JPMorgan CEO Jamie Dimon told clients that remote work “slows down honesty and decision making.”
Are these guys serious?
Goldman Sachs profits more than doubled to $4.36 billion and JPMorgan made $9.7 billion during the pandemic when everyone was working from home.
Sadly, there are many other executives who feel the exact same way as these two. They offer made up reasons they think are valid like the ones below.
Productivity will suffer because of WFH
Nicholas Bloom, Professor of Economics at Stanford, ran a study in 2011 that showed folks who were working from home had a 13% increase in productivity.

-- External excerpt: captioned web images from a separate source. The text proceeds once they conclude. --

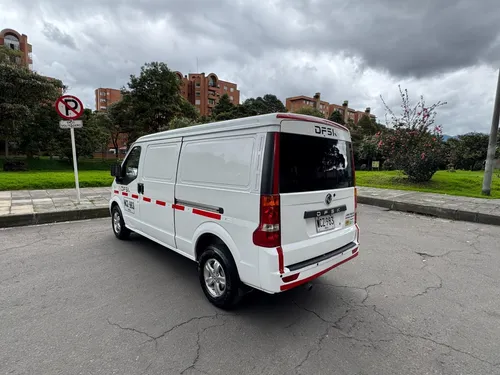 DFM/DFSK C35 1.4 Cargo
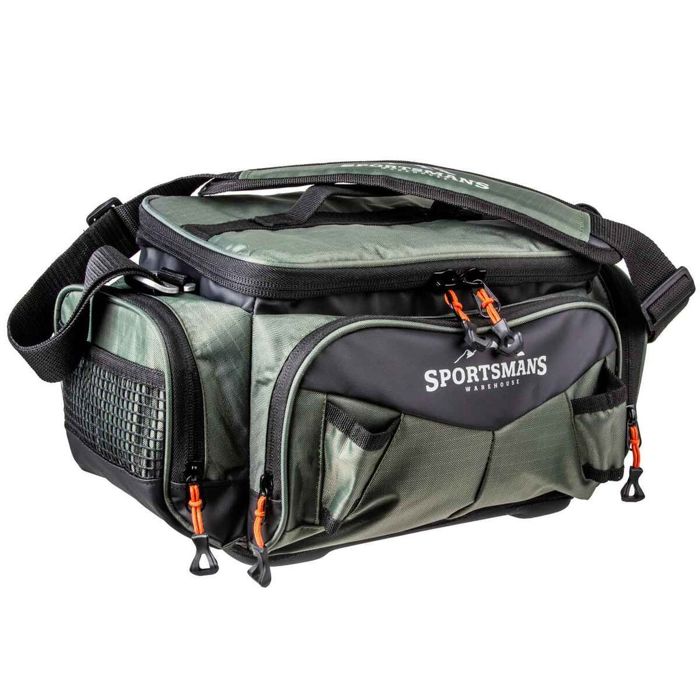 Рыболовная сумка Sportsman's Warehouse 3600 Soft Tackle Bag - Green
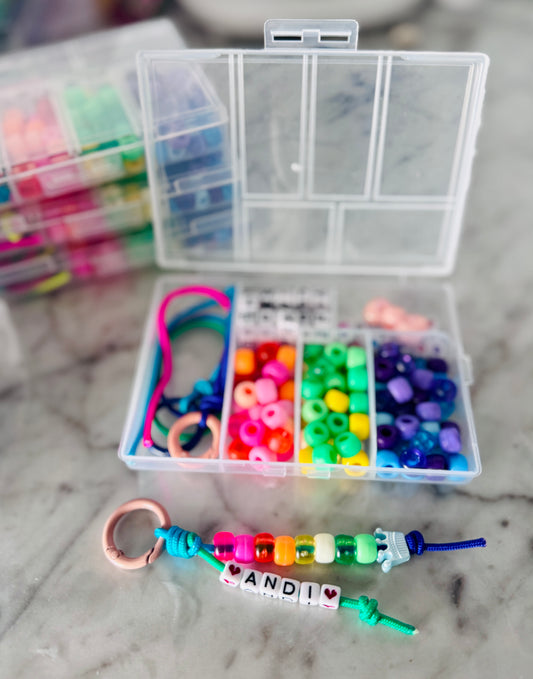 DIY Bag Charm Kit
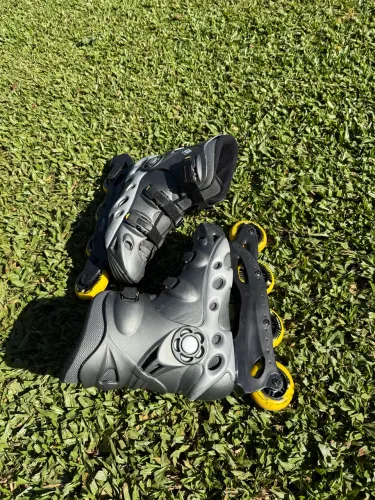 Traxart Patins Inline Spectro tamanho 40/41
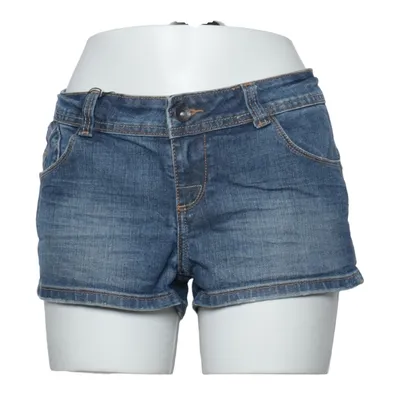 Denim shorts (Blauw) van Denim Life by Pimkie Katoen, Elastaan, Polyester, Viscose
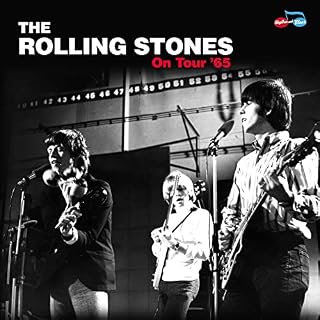 on Tour 65 - Les Beatles, Paul McCartney, John Lennon, RIngo Starr, George Harrison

They concluded that most of that increase was due to people taking shorter lunch breaks, were late less and worked longer than those commuting to an office.
Professor Bloom teamed up with other academics from the University of Chicago, ITAM, and MIT since May 2020 to conduct a larger, more extensive experiment on working from home.
The result was an increase of 9% being more efficient working at home as opposed to the office.
Accountability will cause headaches for managers
Keeping folks accountable in an office is a whole lot easier than working remote. Companies always believe people are slacking off and not doing their jobs.
How can they know if someone is doing what they’re supposed to?
Managers think they always must chase down people to get them to do their work. A quick stroll by someone’s desk or cubicle puts the fear of God in folks.
What they’re afraid of is the lack of trust companies have in their employees.
Lack of collaboration stops creativity
People will have a hard time being creative in their job not collaborating in an office.